August 24, 1995
Plaintiff Wellsboro Hotel Company filed this products liability action
to recover for damage to its building allegedly caused by the application of defendant's product. Plaintiff owns and operates the Penn Wells Hotel located in Wellsboro Pennsylvania.
In April, 1990, plaintiff contracted with defendant Leon Prins t a Crest Painting to apply a coating to the exterior, masonry walls of the hotel. The contract specified the use of a product manufactured by defendant Southwestern Petroleum Corporation (SWEPCO) marketed as SWEPCO Masonry Coating and promoted as a "protective coating designed for use on a variety of porous masonry surfaces." (Plaintiff's complaint, P 7)

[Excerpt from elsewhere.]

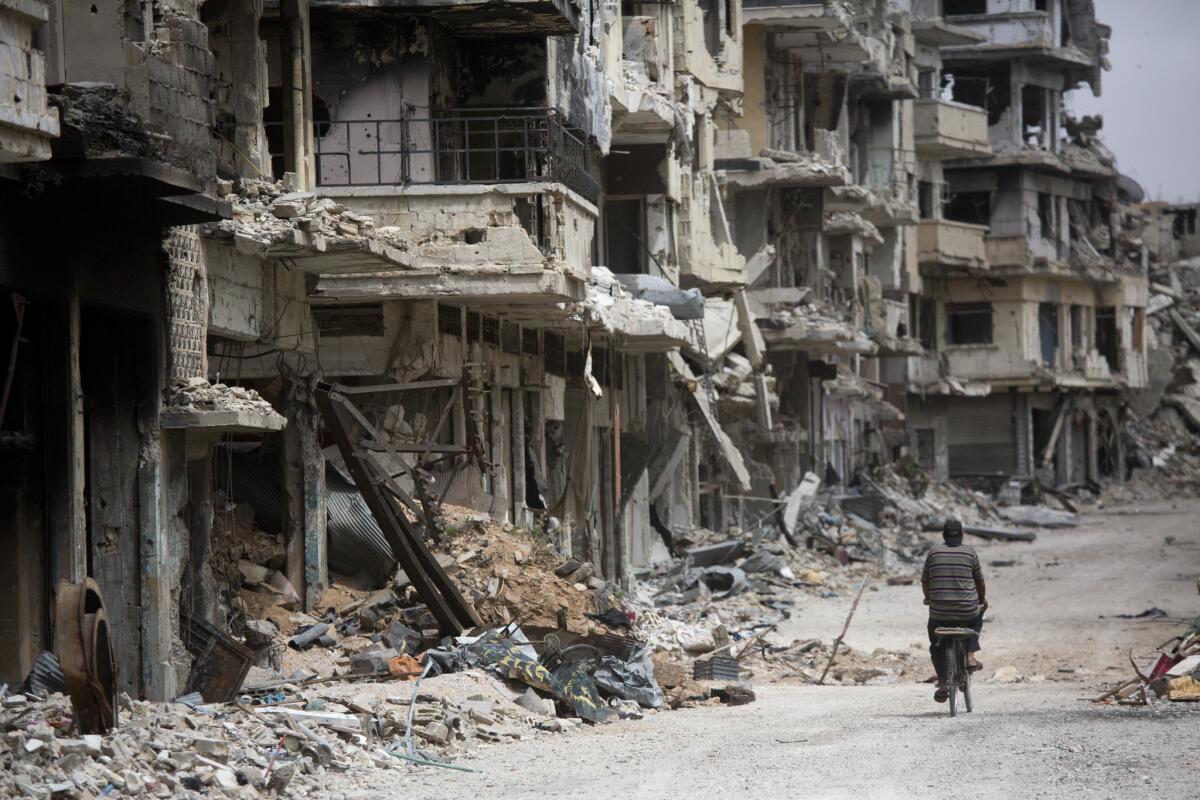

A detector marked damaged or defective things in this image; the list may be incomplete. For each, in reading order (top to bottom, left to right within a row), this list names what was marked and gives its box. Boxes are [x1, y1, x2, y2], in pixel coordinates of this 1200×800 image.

Work on the project was completed on or around August 1, 1990. Two years later, plaintiff observed cracking, chipping and peeling and crumbling of the paint and the underlying masonry. Plaintiff attributes these problems to the application of defendant's product and brings this action against Prins and SWEPCO for damage to its building.
Plaintiff asserts claims against SWEPCO for: 1) breach of express and implied warranties (Count I); 2) negligence (Count II); 3) breach of contract (Count III); and 4) strict liability (Count IV). Liability is asserted against Prins on theories of: 1) negligence (Count V); 2) breach of express and implied warranties (Count VI); and 3) breach of contract (Count VII).
Defendant SWEPCO moves for partial summary judgment on the strict liability claim asserted in Count IV on two grounds. It asserts that: 1) plaintiff cannot prevail on its claim of strict liability since only property damage is alleged; and 2) the only damages sought constitute economic loss unrecoverable as a matter of law under a theory of strict liability. (Record document no. 18) SWEPCO seeks, in the alternative, a preliminary determination from the court that imposition of liability against it under a theory of strict liability is contrary to social policy. Id.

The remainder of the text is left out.